According to epidemiological studies, the incidence of chronic pain increases with age and affects up to 55% of people over 85 years of age. Usually, pain is associated with musculoskeletal disorders, but there are also frequent night pain in the lower limbs and pain associated with claudication. In elderly people, a characteristic location of pain is observed – most often around the joints, lumbar part of the spine and lower limbs.
International Association for the Study of Pain recommends multi-directional treatment of patients with chronic pain, paying attention not only to the somatic aspect, but also to the need to improve emotional and social functioning. Chronic pain and its inappropriate treatment are associated with adverse consequences in seniors, but at the same time optimal treatment of pain in people in this age group is a clinical problem due to limitations in the use of pharmacotherapy and access to other methods of treatment.

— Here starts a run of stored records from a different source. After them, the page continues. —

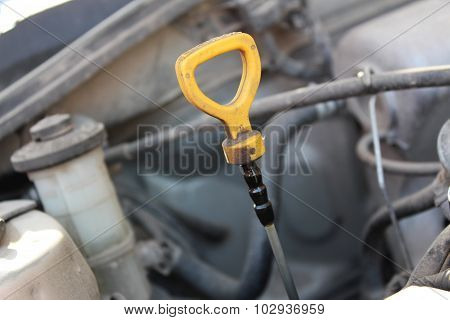 The Oil Dipstick Of A Car Engine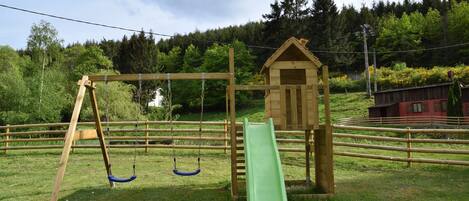 A playground with swings and a slide, surrounded by a wooden fence and a small wooden house.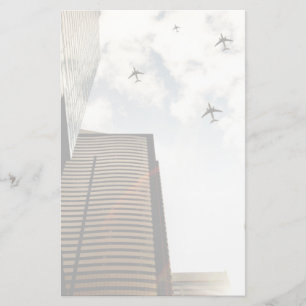 Airplanes flying over buildings stationery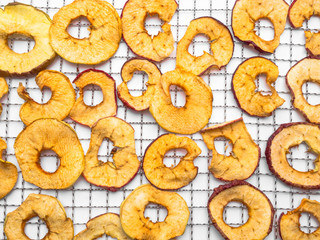 organic dried apple chips on metal tray on white background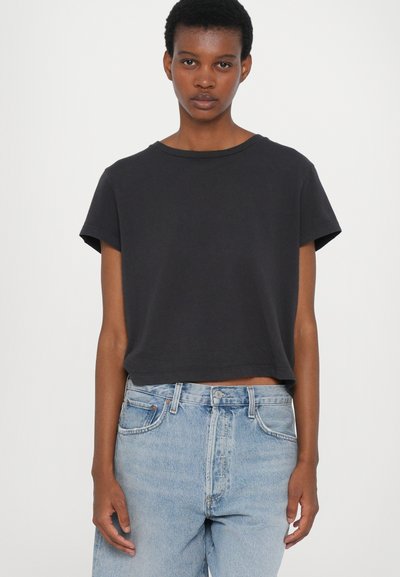 T-shirt noir court en coton doux, avec des manches courtes et un col rond, associé à un jean taille haute bleu clair.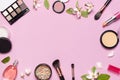 Decorative cosmetics mascara powder lipstick eyeshadow blush balls makeup brush perfume blooming spring branches on pink Royalty Free Stock Photo
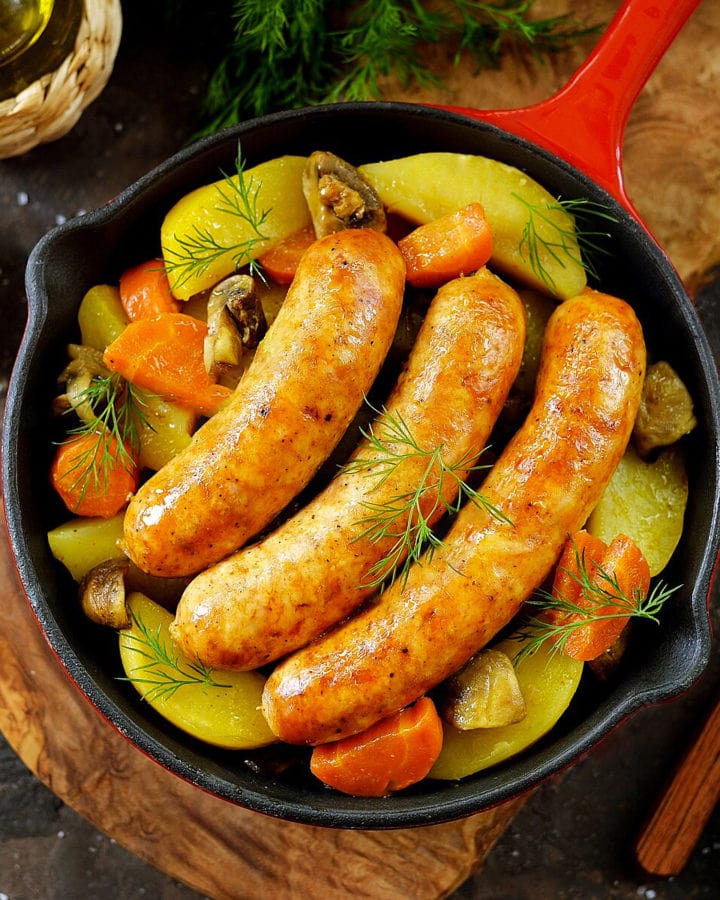 Top view of fried sausages with carrots and potato wedges.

A 91-year-old patient reported to the Pain Treatment Clinic in Krakow in February 2014 due to pain located within the cross and within the chest wall on the left side. Pain has been present for 30 years, but has been worsening for about a year due to advanced osteoporosis and vertebral and vertebral fractures in this disease. At the time of the examination, the patient assessed pain on the NRS scale at about 6-7 degrees, during the intensification the pain was assessed at 10 degrees, and the aggravating factors were movement and standing upright. Permanent pain with intensities of the type of pricking and jerking significantly hampered everyday functioning, sleep, and also lowered the mood. The patient lived with his family. He had the following comorbidities: ischemic heart disease and hypertension. The current analgesic treatment included the temporary use of various NSAID preparations and tramadol at a dose of 200 mg / day systemically and did not bring satisfactory and long-lasting pain relief. Physiotherapeutic procedures were not performed due to the patient’s difficulty in moving.

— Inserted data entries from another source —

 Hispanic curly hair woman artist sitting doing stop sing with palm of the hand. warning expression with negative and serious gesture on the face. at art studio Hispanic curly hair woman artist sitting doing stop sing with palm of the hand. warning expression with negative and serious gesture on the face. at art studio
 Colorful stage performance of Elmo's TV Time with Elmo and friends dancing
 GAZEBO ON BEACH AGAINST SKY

Physical examination revealed a significant impairment of the mobility of the cervical and lumbar spine, significant tenderness of the back, tenderness at the site of rib fractures.
X-ray imaging of the spine and chest joints described changes characteristic of osteoarthritis as well as osteoporosis, pathological fractures of L1, L2 vertebrae and ribs VI and VII on the left side. Laboratory tests, such as blood counts, CRP, sodium, potassium, magnesium and uric acid, did not deviate from normal. Life parameters such as blood pressure, heart rate, and number of breaths were within the normal range.

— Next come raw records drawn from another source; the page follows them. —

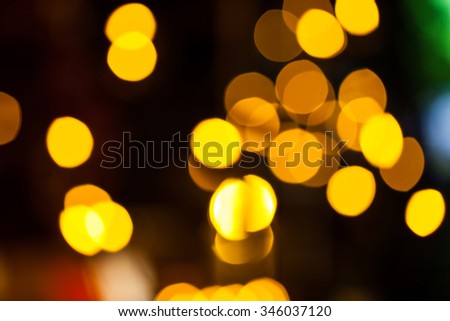Yellow circular reflections of Christmas lights.
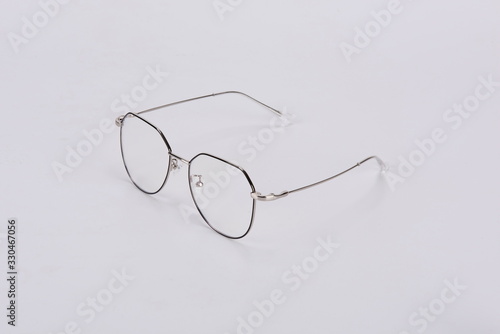 Delicate myopia glasses, thin frame in white background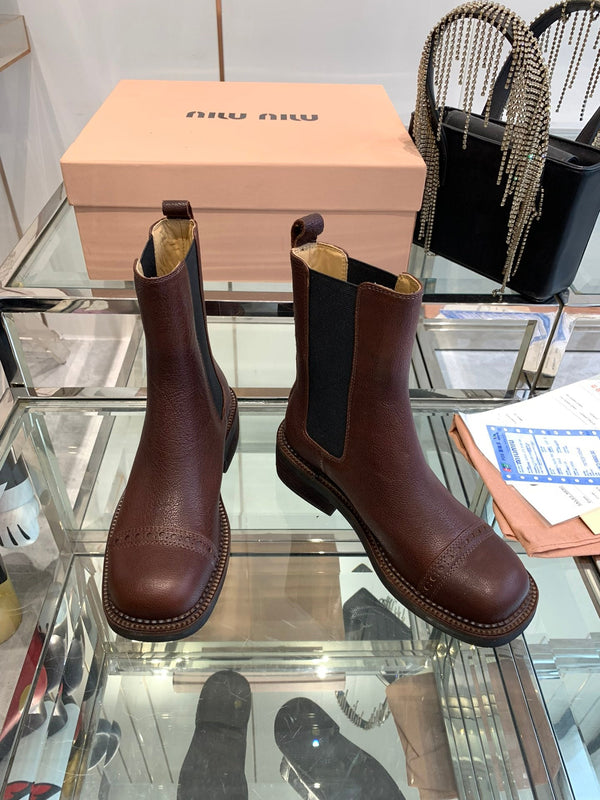 Stivali Miu in pelle di vacchetta mista vegetale color marrone terra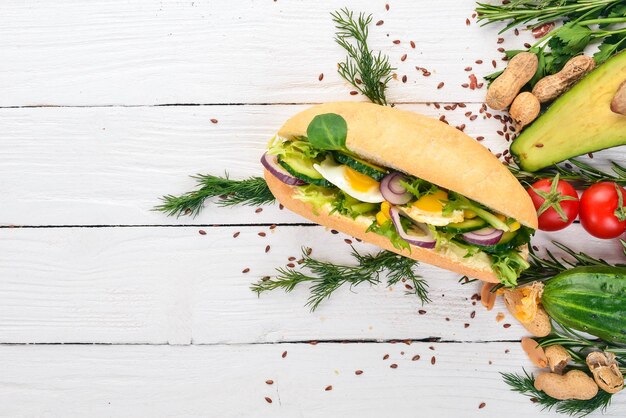 Burger sandwich with quail egg cucumber and corn On a wooden background Top view Copy space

The patient was diagnosed with chronic pain associated with osteoarthritis and pain caused by pathological fractures in the course of advanced osteoporosis.
Pain complaints due to their severity and a negative impact on the quality of life required the use of multimodal drug therapy in combination with other methods of treatment, depending on the availability of these methods and the patient’s options. The basic and urgent problem was the choice of analgesics to ensure optimal pain control with minimal risk of side effects, and the use of a strong opioid was considered due to the severity of pain.
The patient used buprenorphine in the patch, starting from 1/2 a slice of 35 g / h, which was an equivalise dose for 200 mg tramadol. After 48 hours, the dose was increased to 1 patch of 35 g / h. In addition, topical medications were recommended – diclofenac 140 mg in the form of a patch and 5% lidocaine in the patch. Due to the patient’s age and comorbidities, systemic NSAIDs were discontinued. Buprenorphine in the form of sublingual tablets at a dose of 0.2-0.4 mg and paracetamol in a dose of 500 mg in the form of effervescent tablets were proposed for exacerbation.
The first of the follow-up visits took place 48 hours after sticking the patch containing buprenorphine, followed by week and 2 weeks. During the first visit, the patient did not report adverse symptoms characteristic of opioids, while the pain relief was small (by 1 degree on the NRS scale). It was decided to increase the dose to 1 patch of 35 g / h and this dose was recommended for further therapy, because the patient felt about 40% pain relief, while this dose did not cause serious side effects.